Researchers with the University of Minnesota's Center for Transportation Studies have been testing a new method for signal timing in which an algorithm measures traffic volumes at an intersection in real time and tells the controller which direction to grant a green light.

In laboratory testing, the system — called max-pressure signal timing — has been found to significantly improve traffic flow by allowing more vehicles through a single green light, said researcher Michael Levin, an assistant professor in the U's civil, environmental and geo-engineering department.

"Large reductions in delay suggest that this new method of signal timing could achieve higher throughput during peak demand and be more responsive to queues," he said.

Max-pressure uses a sensor embedded in the pavement to count the number of vehicles waiting at the intersection. A second sensor counts the number of vehicles approaching the intersection. The algorithm can determine how long a light needs to stay green to get most of them through.

The algorithm can recalculate every few seconds, and adjust a signal's phase based on the conditions, Levin said.

Levin and his team took data from Hennepin County and used the max-pressure algorithm to model traffic flow at seven intersections on County Road 30 and County Road 109/85th Avenue. They found large reductions in delays — as much as 50% — that drivers incurred sitting at red lights.

"The findings show that our new max-pressure control formula will reduce the average queue length during peak hours and that vehicles will not wait as long at intersections," Levin said.

While the results suggest a "high potential for use in Minnesota," as Levin wrote in a December 2022 report, don't look for max-pressure at an intersection any time soon.

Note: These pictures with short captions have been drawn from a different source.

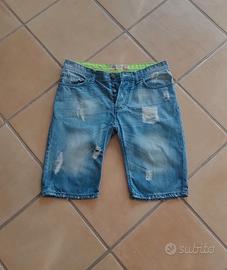Bermuda in Jeans BONAVITA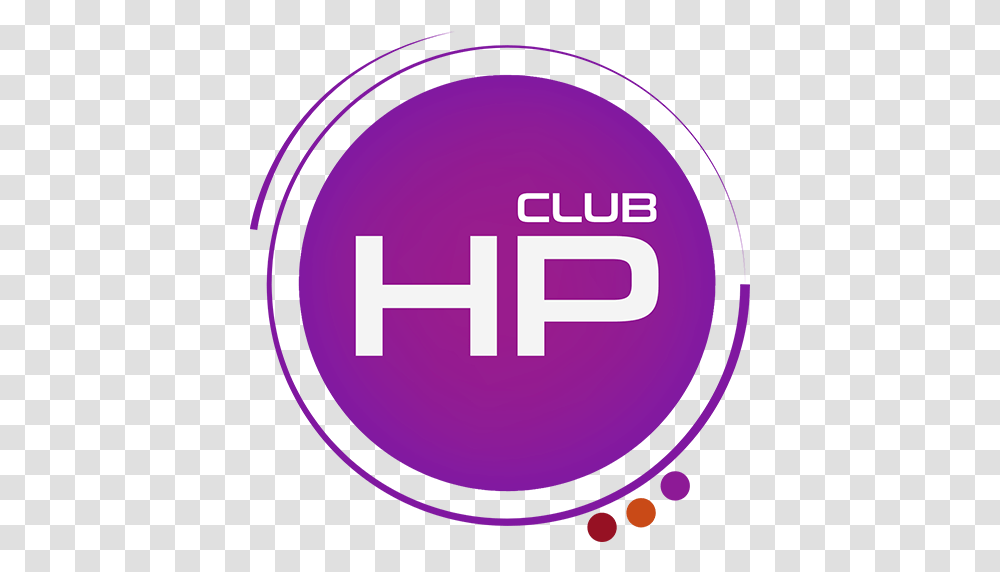 Logo Club Hp, Text, Graphics, Art, Symbol Transparent Png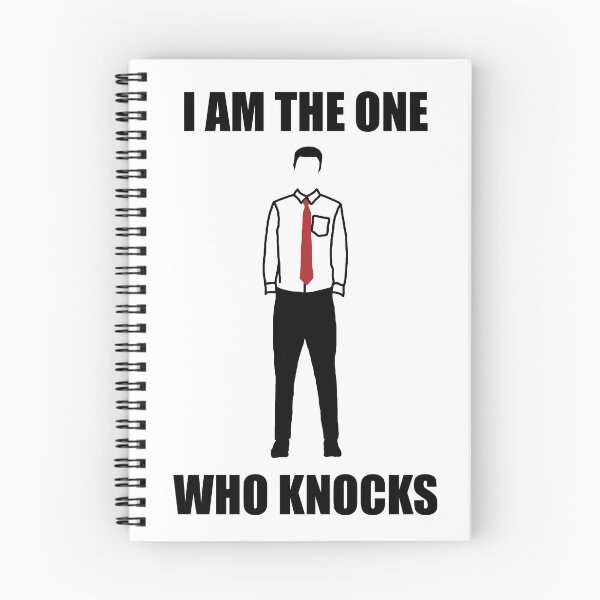 Item preview, Mormons I Am The One Who Knocks designed and sold by roooft.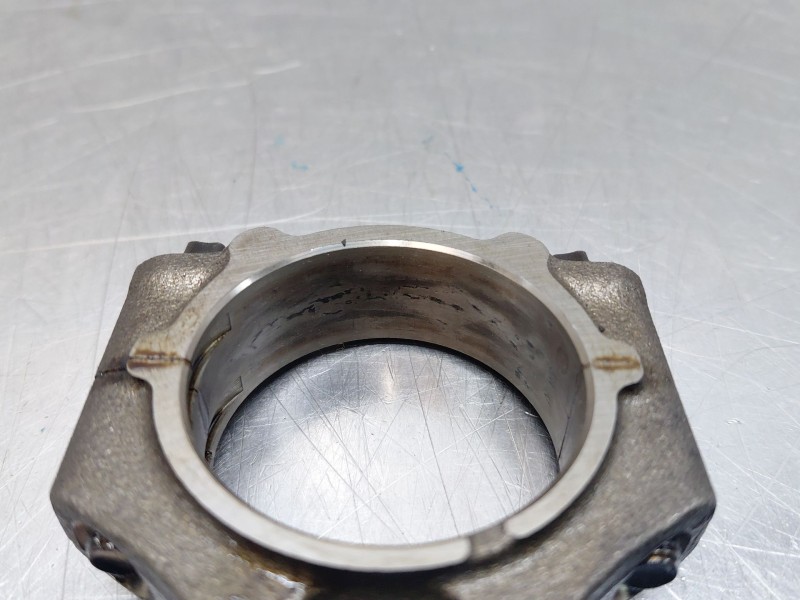 Recambio de biela para hyundai kona hybrid referencia OEM IAM 2351003HA0  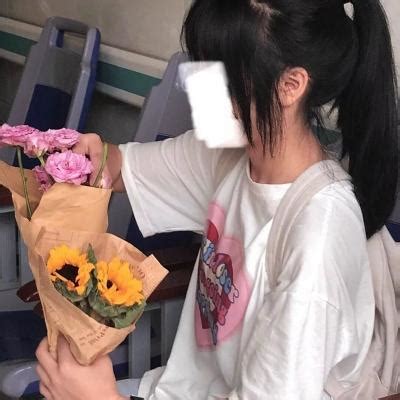 女生头像超仙不露脸古风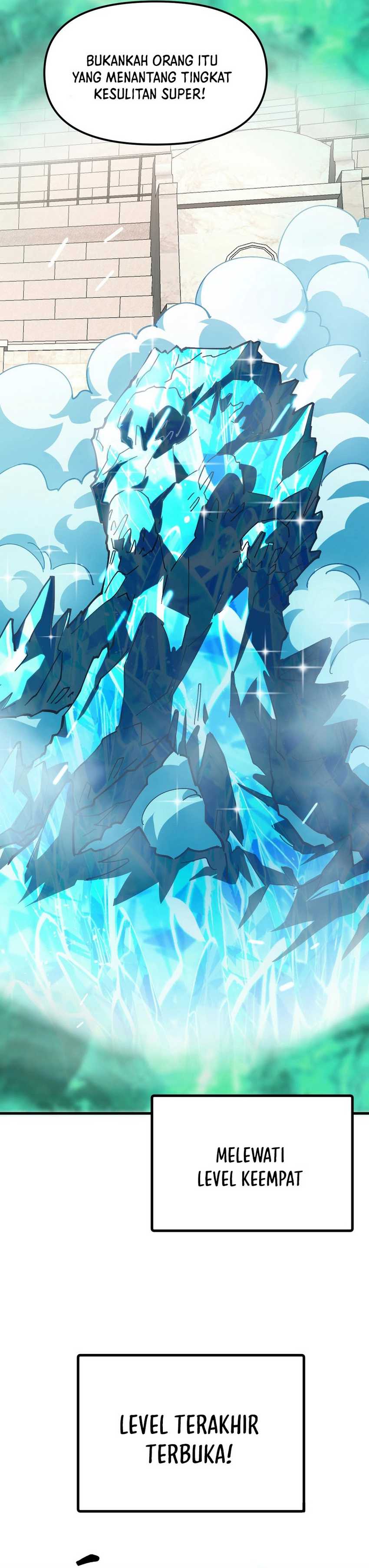 Global Beast Tamer: I Can See the Path of Evolution Chapter 05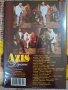 AZIS/АЗИС-ДУЕТИ DVD, снимка 2
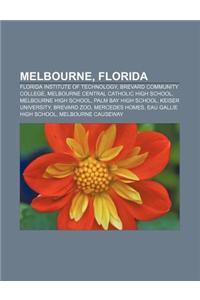 Melbourne, Florida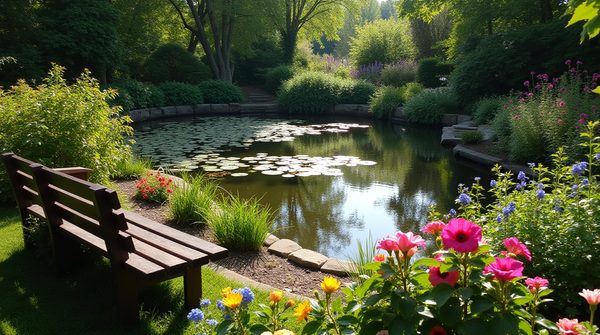 Créer un coin de verdure idyllique à champigny-sur-marne : conseils en jardinage pour tous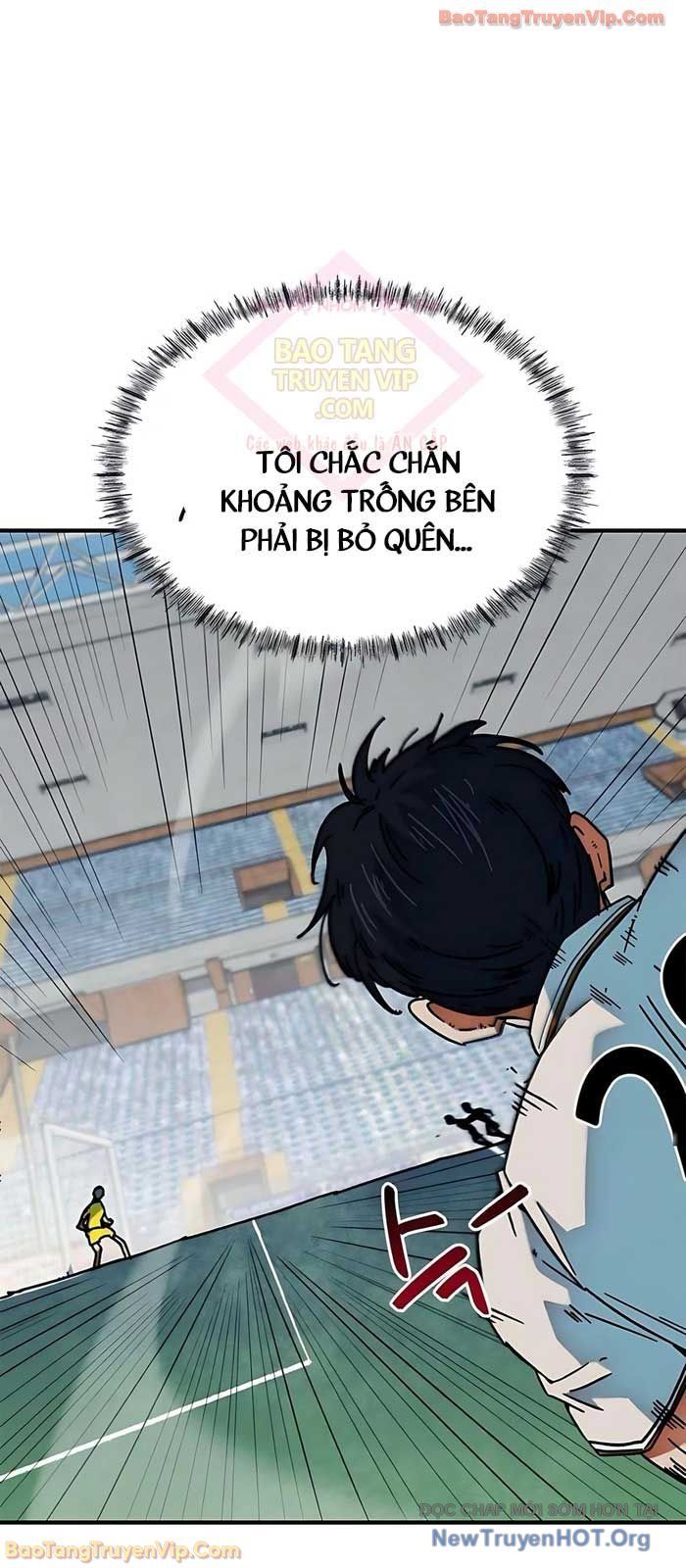 Tôi Bị Hiểu Lầm Là Siêu Sao Trên Sân Cỏ Chapter 35 - Trang 2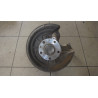 Škoda Octavia II Combi 2.0TDI 16V 103KW R.V 04-09 Těhlice P.Z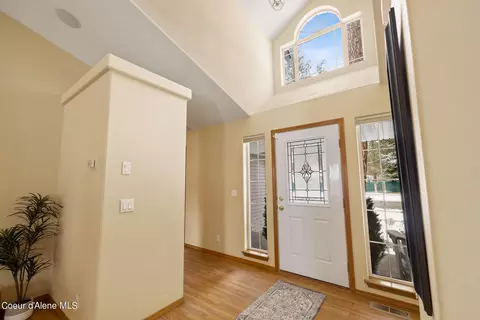Entry Way - 4580 E Weatherby Ave, Post Falls, ID 83854 photo 1 of 1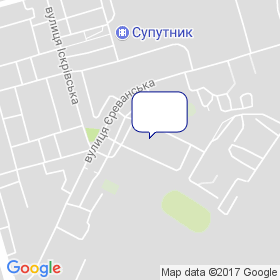 Вілла-С на мапі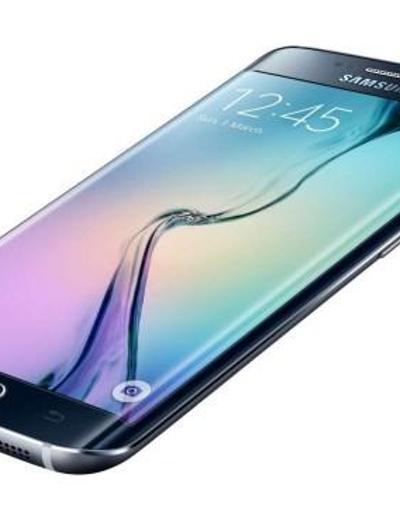 Samsung Galaxy S6 renklendi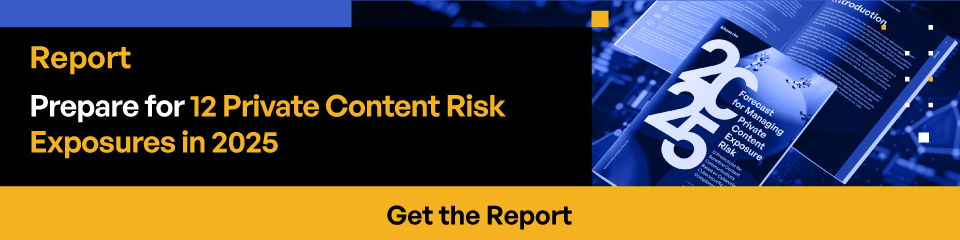 Forecasting Data Security and Compliance Trends in 2025 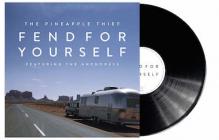  FEND FOR YOURSELF / IN EXILE [VINYL] - suprshop.cz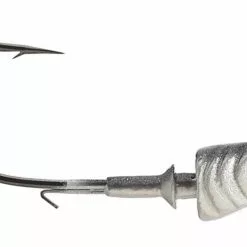 Freshwater Dirty Jigs Matt Allen Tactical Bassin Swimbait Head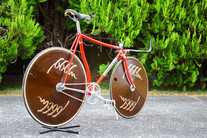 Colnago Master Pursuit USSR Team ED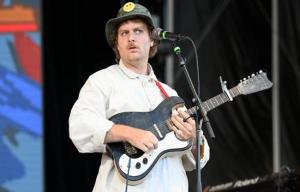 El canadiense Mac DeMarco.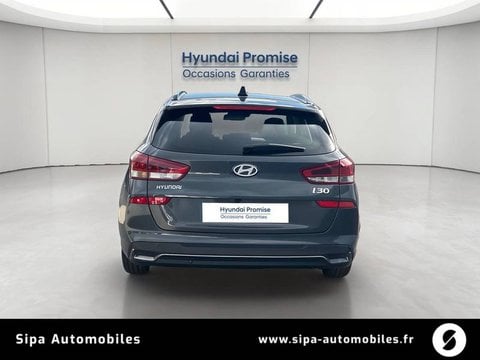 Voitures D'occasion À Villenave-D'ornon | Hyundai I30 Sw 1.0 T-Gdi 100 Dct-7 Creative 5P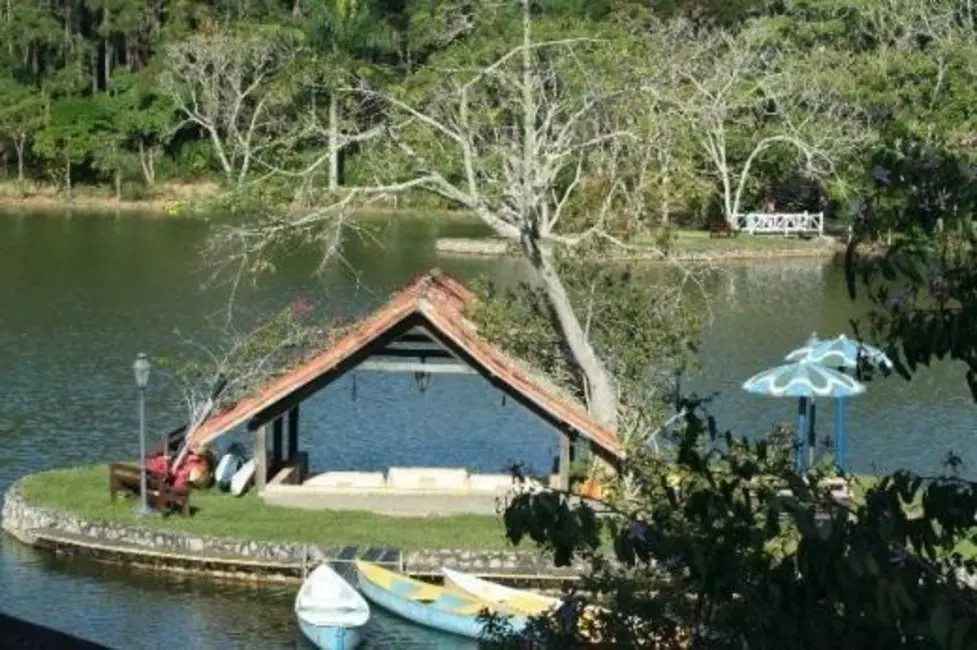 Foto 3 de Terreno / Lote à venda, 1000m2 em Jambeiro - SP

The algorithm, originally devised in 2013 at the University of California, Berkeley, has advanced to experimental testing on roads in India, Indonesia and Israel, but more study needs to be done before that happens here, Levin said.

"We took the Berkeley mode and tweaked it, and added a few things to make it more practical," he said.

In its original version, the max-pressure algorithm didn't include maximum wait times, meaning drivers and pedestrians on less-traveled roads could be left waiting long periods before getting permission to cross. That has been modified, but other issues remain, Levin said.

Next steps include testing max-pressure with Hennepin County's current traffic signal equipment and determining what software might be needed to deploy it. Once that is figured out, there is a possibility of a pilot project, Levin said.

Future study also includes looking at how to connect multiple intersections using max -pressure.

"It doesn't currently talk to other signals down the road," Levin said. "We're working on developing that right now."